However, alternative explanations for the lack of effect of DDS on adult dogs still deserve investigation. Ben-Aderet and colleagues [
11] suggested that adult dogs may need additional cues (e.g., gestures) to respond to unfamiliar speakers. In their initial study, DDS and ADS were recorded, and only their playbacks were used in the experiments. Therefore, adult dogs did not have the opportunity for receiving extra cues. This condition may have affected communication by influencing sound reception, and precluding dogs from having social interaction; therefore, they may have not seen any social benefit of reacting preferably to any kind of speech. In contrast, puppies, having little experience in terms of environment and social interactions, may lack focus on this aspect, responding to DDS even in the absence of a physical experimenter.
Taking this matter as a starting point, Benjamin & Slocombe [
13] carried out an experiment to investigate the possible effects of DDS and ADS on the levels of attention and affiliation of adult dogs. The authors also investigated whether possible behavioral preferences were modulated by prosody and/or content, under conditions ecologically more relevant compared to the study by Ben-Aderet and colleagues [
11]. Adult dogs attended more and sought more proximity to an experimenter whose speech had dog-relevant content (e.g., good boy/girl!) and was spoken with elevated pitch and exaggerated prosody than to the experimenter whose speech lacked any of these characteristics. This finding suggested that DDS might fulfill a dual function: improving attention and social connection.

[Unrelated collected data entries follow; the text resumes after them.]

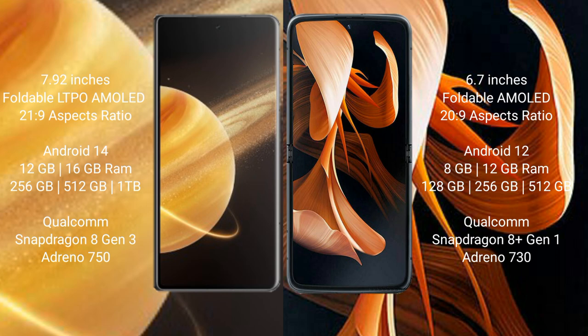The Honor Magic V3 features a Qualcomm Snapdragon 8 Gen processor with Adreno 750 GPU. The modular device has 8 GB or 12 GB RAM, 128 GB or 256 GB internal storage, and runs a Qualcomm Snapdragon 7 Gen 1 processor with Adreno 730 GPU.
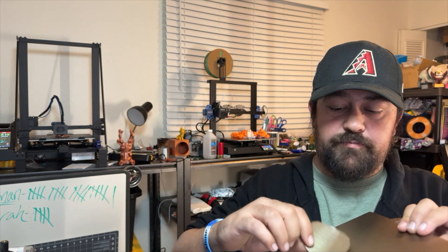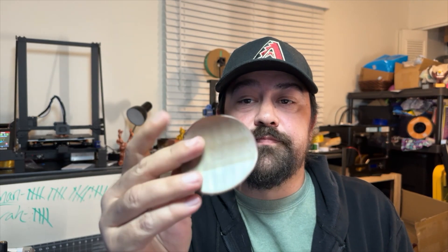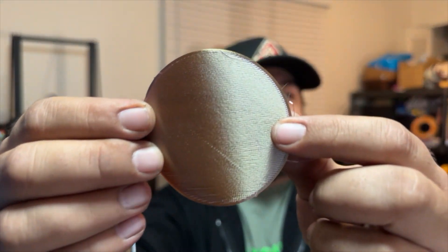Four layers deep and it is already aggressively messing up. We're just going to go ahead and cancel that. As you can see, the Ender-3 has printed a perfect Pringles potato chip. Everything was perfectly level, brand new nozzle on it, everything just got cleared — and it still messes up on that bottom.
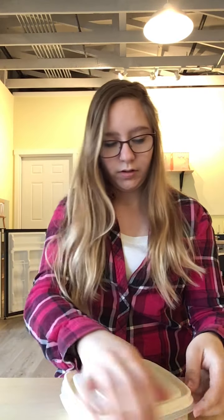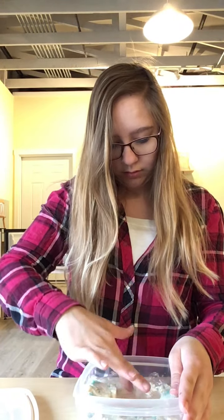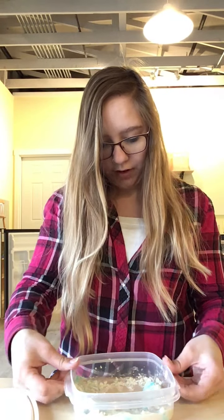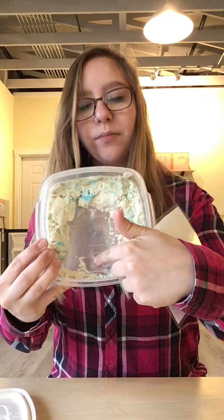So I'm gonna make the gulf. Here's a picture of the gulf as a reference, and here is my gulf. This empty part is the water and the play-doh is the land. So just like my gulf, this is the water, this is the land, this is the water, this is the land.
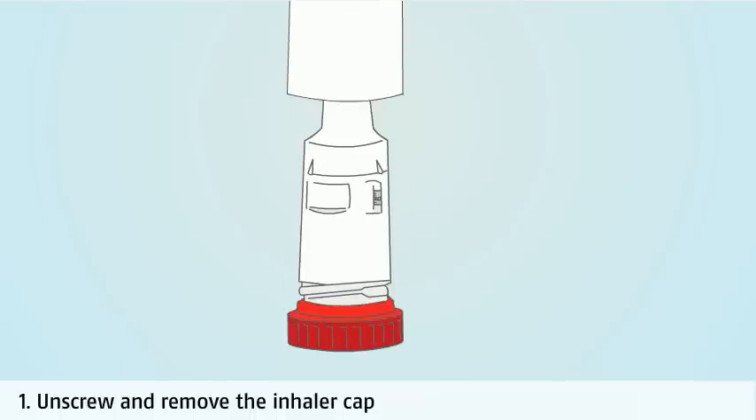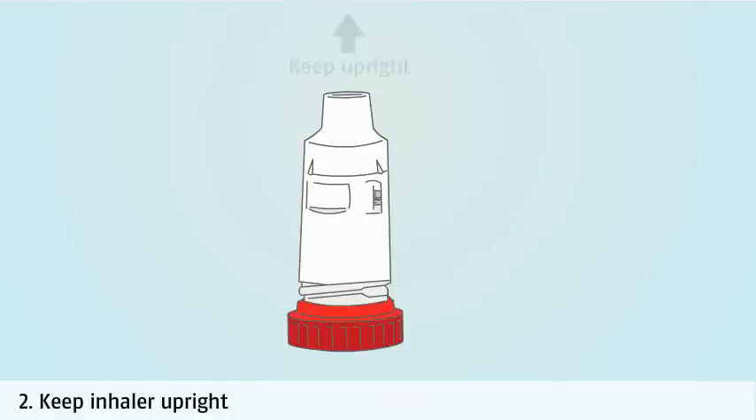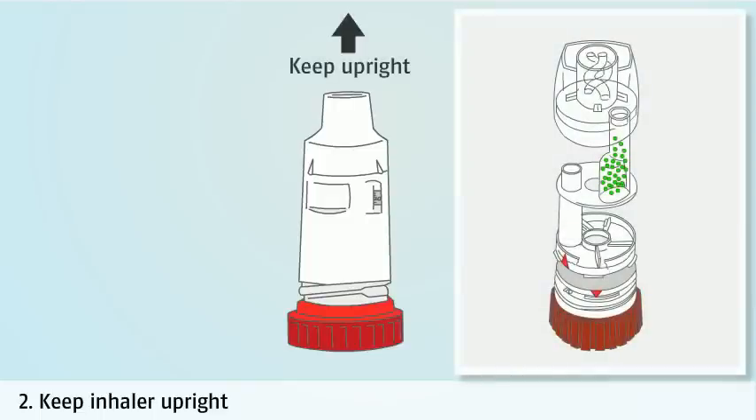Unscrew and remove the turbohaler cap. Put the inhaler onto a flat surface and keep it upright before filling the dosing chamber to guarantee a full dose. If the device is not upright, the chamber will not fill correctly.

This last aspect is in line with the current understanding reached by research with children, which suggests that not only is IDS crucial for the development of meaningful social relationships with caregivers [
14], but that it is useful for facilitating language acquisition [
15]. Another study has corroborated the results of Benjamin & Slocombe [
13] by pointing out that dogs have shown preferences towards a target object associated with DDS in the DDS versus ADS condition [
16]. Despite the existence of studies investigating the perception and processing of human vocalizations by dogs, little is known about how their ancestors, the wolves, respond to these stimuli.
In line with the fact that DDS is often characterized by high pitch [
7], Ben-Aderet and colleagues [
11] also found that dogs reacted more to high pitch than low pitch. Interestingly, however, pitch did not seem to determine their ability to differentiate between DDS and ADS nor did it explain preferences for DDS [
16], questioning the importance of single acoustic parameters.

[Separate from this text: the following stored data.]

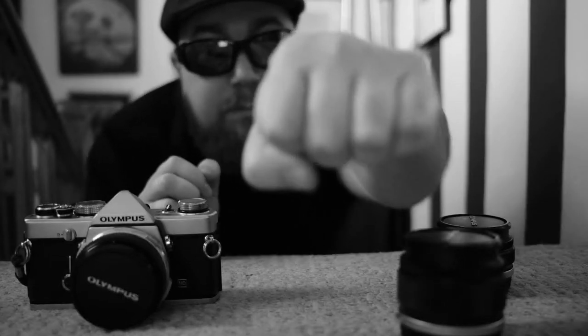For me, this camera is a link to the past. My grandfather, who died before I was born, used these model cameras. So me choosing to use this camera is like a metaphorical fist bump across time to my grandfather.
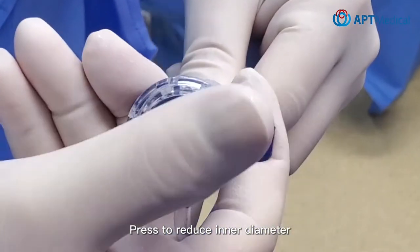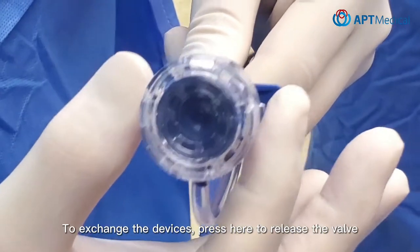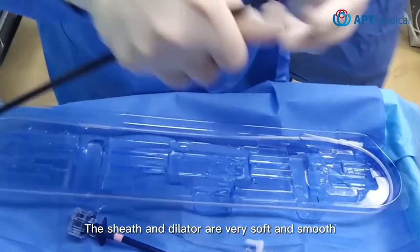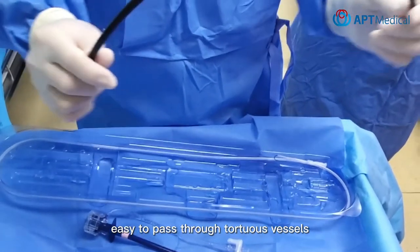Press to reduce inner diameter. Now the valve is closed for hemostasis. To exchange the devices, press here to release the valve. The sheath and dilator are very soft and smooth, easy to pass through tortuous vessels.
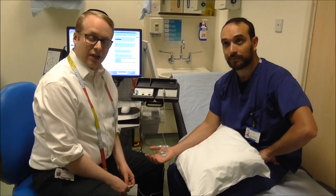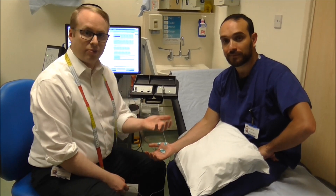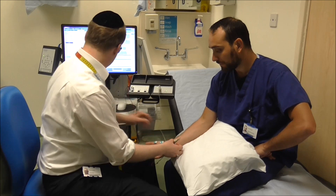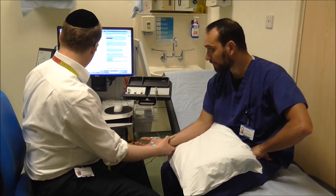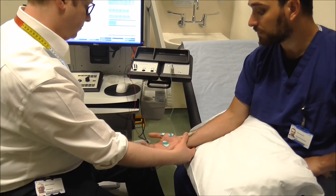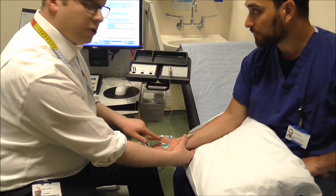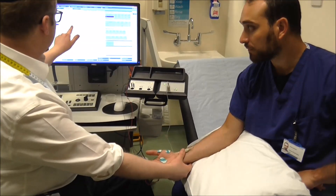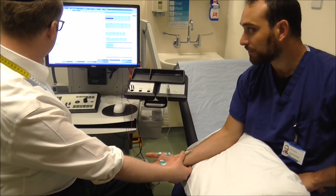I'm now going to demonstrate one of the motor nerves in the hand. This is one of the muscles that helps lift the thumb up. Electrical taps coming up — you can probably see the thumb twitching here. And this is the response that we're getting on the screen.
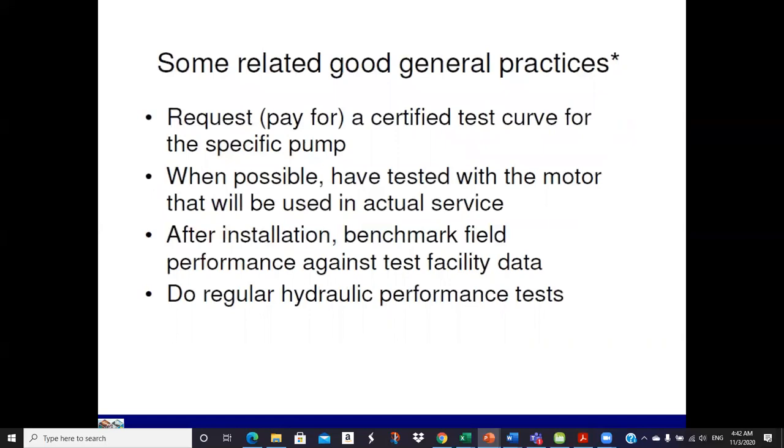Some good general practices: if you're doing a lot of work with pumps — maybe seven or so critical pumps — request and pay for a certified test curve for the specific pump you buy. Pay the manufacturer around $500 to test it and give you a specific curve for your pump. If it's a critical pump, that's not a bad idea. If possible, test it with the motor that will be used in actual service. After installation, benchmark the initial performance, and do regular hydraulic performance monitoring — that's best practice.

We here focus on communication between humans and animals during Positive Reinforcement Training (PRT), a type of Operant Conditioning technique, which was shown to promote improvements in animal welfare, possibly through the association between the animals’ behavior and its pleasant consequences [
17,
18]. In essence, PRT may benefit animals by providing positive feedback and, eventually, by promoting opportunities for the animal to exert some control over their environment [
19]. However, the beneficial effects recorded with PRT might also be promoted by the opportunity to interact with a familiar person with whom the animal may have developed a social bond [
20].
Vasconcellos and colleagues [
18] investigated the effects of regular interactions of equally raised and kept timber wolves and mixed-breed dogs with familiar humans during PRT sessions. In addition to their training performance, the animals’ behavioral and physiological responses (salivary cortisol variations) were evaluated. Apart from a fine training performance, a reduction in salivary cortisol concentrations was recorded in both subspecies, as well as low rates of non-training-related behaviors (NTBs) [
21]. Interestingly, up to 22.8% of the variation of the animals’ responses were due to trainer identity. These results showed, for the first time, that not only dogs but also wolves may benefit from PRT.

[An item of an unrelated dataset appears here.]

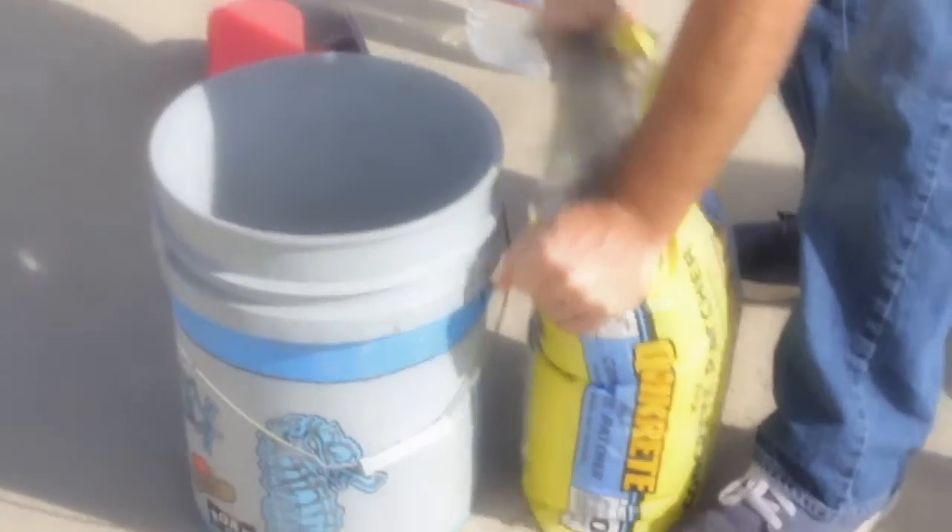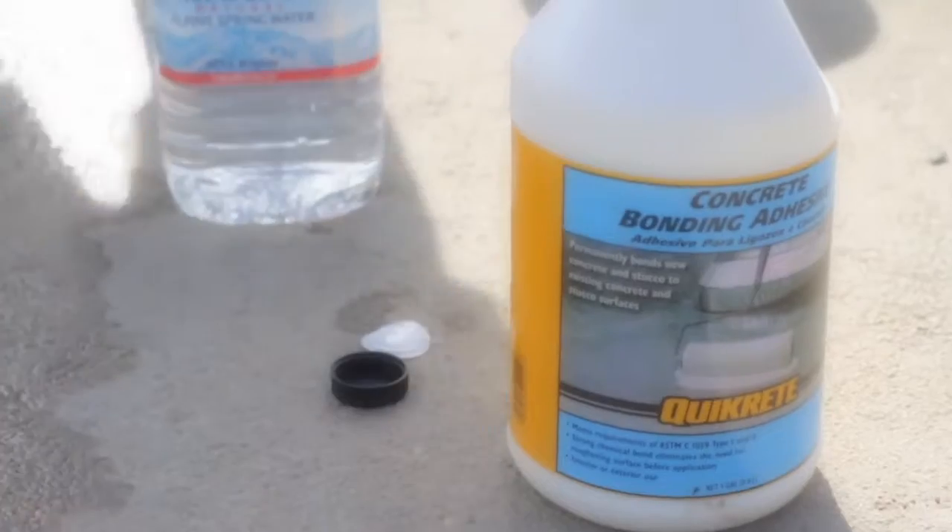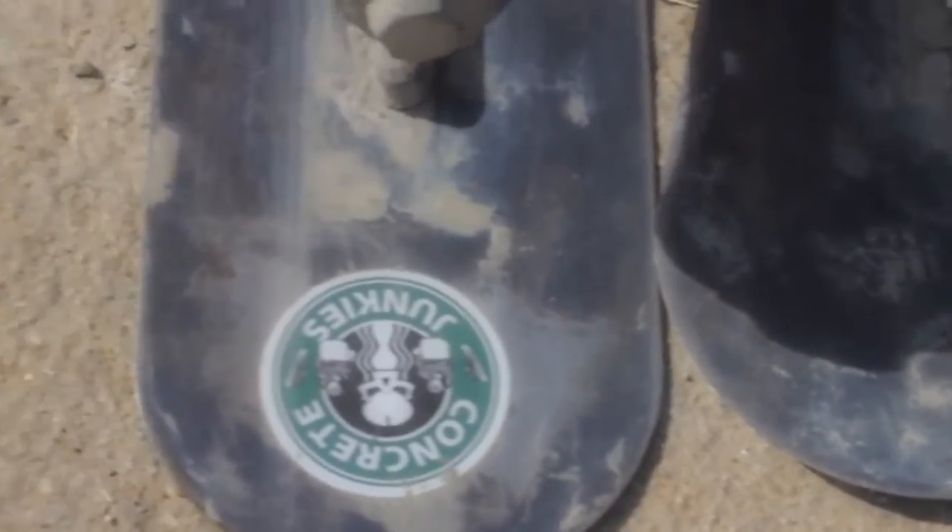I like to use a concrete vinyl patcher — it's a big bag, don't get the little bucket, it goes nowhere. You need a big bag like 40 pounds. You also need concrete glue, water, and a finishing trowel like a pool trowel with the round sides, and a broom.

Considering that the way humans communicate/interact with dogs has been shown to affect the owner-dog relationship, animal behavior, and possibly animal welfare [
22], in the current study, we explored how animals’ responses might differ in accordance to trainer communication style within a training session. We reasoned that one important point might be the use of voice and thus set out to evaluate the effects of the duration and frequency (number of occurrences) of types of speech used within a training session, and the average acoustic characteristics of trainers’ voices during sessions on animals’ responses. We focused on two hypotheses: (1) the communication style (duration/frequency of nice, neutral or reprehensive speech) and specific acoustic parameters (such as pitch) that characterized the different speech types are associated with different behavioral and physiological responses of dogs and wolves during training; (2) the domestication process affected the perception and responses of animals to the communication style of humans and acoustic sound parameters. From these hypotheses, we developed two predictions: (1) the duration/frequency of “nice” speech and/or high pitch will be associated with behaviors indicative of affability and interest in training, such as increased duration of tail wagging, attention and performance in the animals, and greater proximity of the dyad, whereas (2) the duration/frequency of “reprehensive” speech will be associated with an increase in behaviors unrelated to training, greater distance in the dyad, and duration of the tail being retracted for both subspecies.
2. Materials and Methods
2.1. Ethics Statement
All study animals were kept at the Wolf Science Center (
www.wolfscience.at: license n°: AT00012014). The CITES (
www.cites.org) import permits for the animals are 2008: Zoo Herberstein, Austria: AT08-B-0998, AT08-B-0996, AT08-B-0997; 2009: Triple D Farm, USA: AT09-E-0018; 2012: Minnesota Wildlife Connection, USA: 12AT330200INEGCJ93. The animals were housed in accordance with the Austrian Federal Act on the Protection of Animals (Animal Protection Act—TSchG, BGBl. I Nr. 118/2004). Hence, in accordance with the Austrian Animal Experiments Act (BGBl. I Nr. 114/2012, Tierversuchsgesetz 2012—TVG 2012), no ethical approval was officially required, but we still obtained one from the University of São Paulo, Brazil (Committee of Ethics for Animal Research from the Institute of Psychology, University of São Paulo, Brazil, approval number 016.2009).
2.2. Subjects
Eighteen animals were studied: nine timber wolves (mean age = 15 months ± 2.04) and nine dogs (mean age = 21 months ± 3.37), all born in captivity, raised and kept following the same protocol [
23] at the Wolf Science Center, an institution located in the Game Park Ernstbrunn, Austria.
Table 1 shows the animals’ names, sexes, and ages at the onset of the study.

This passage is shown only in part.